THE recent election result in Italy has sent a shockwave through the EU.
Predictably, commentators have dismissed the substantial gains by several anti-establishment, anti-immigration Parties as a “return to Fascism”.
In fact, it is a cry from the heart, after 600,000 migrants from North Africa have entered Italy’s ports and welfare centres since 2014.
Under EU rules, they must be processed in the first country they get to.
The problem is that the UN reckons only 30 per cent are genuine refugees from, for example, Syria.
The rest are economic migrants, mostly fit young men, who are not keen to be ‘processed’ and perhaps returned by the authorities.
As a result, many disappear, with 300,000 thought to be at large in Italy at present.
Meanwhile, the country’s economy has stagnated since 2008, with 35 per cent of young people out of work.
One of Sunday’s big winners, Matteo Salvini, head of the La Lega party, said Italians were at the end of their tether.
He also predicts a collapse of the Eurozone, with more powers being handed back to national governments.

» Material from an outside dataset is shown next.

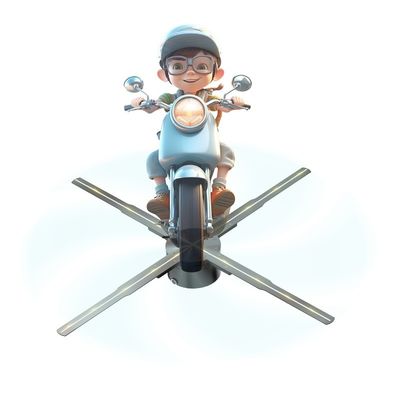Настенная установка 100 см 3D голографическое рекламное устройство Голограммный вентилятор с углом обзора 176°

In Germany, a much-weakened Angela Merkel has taken five months to scrape together a coalition government, leaving a right-wing, anti-immigration Party as the official opposition, unthinkable only a few years ago.
Mr Macron’s dream of a United States of Europe is looking perilously wobbly.
The last thing the UK needs now is major instability in the EU but, as the people of Europe feel increasingly disenfranchised, they will react as both the Italians and Germans have.
We are leaving for precisely this reason and it’s time for Europe to return to what was originally intended – a trading agreement, while respecting each other’s sovereignty.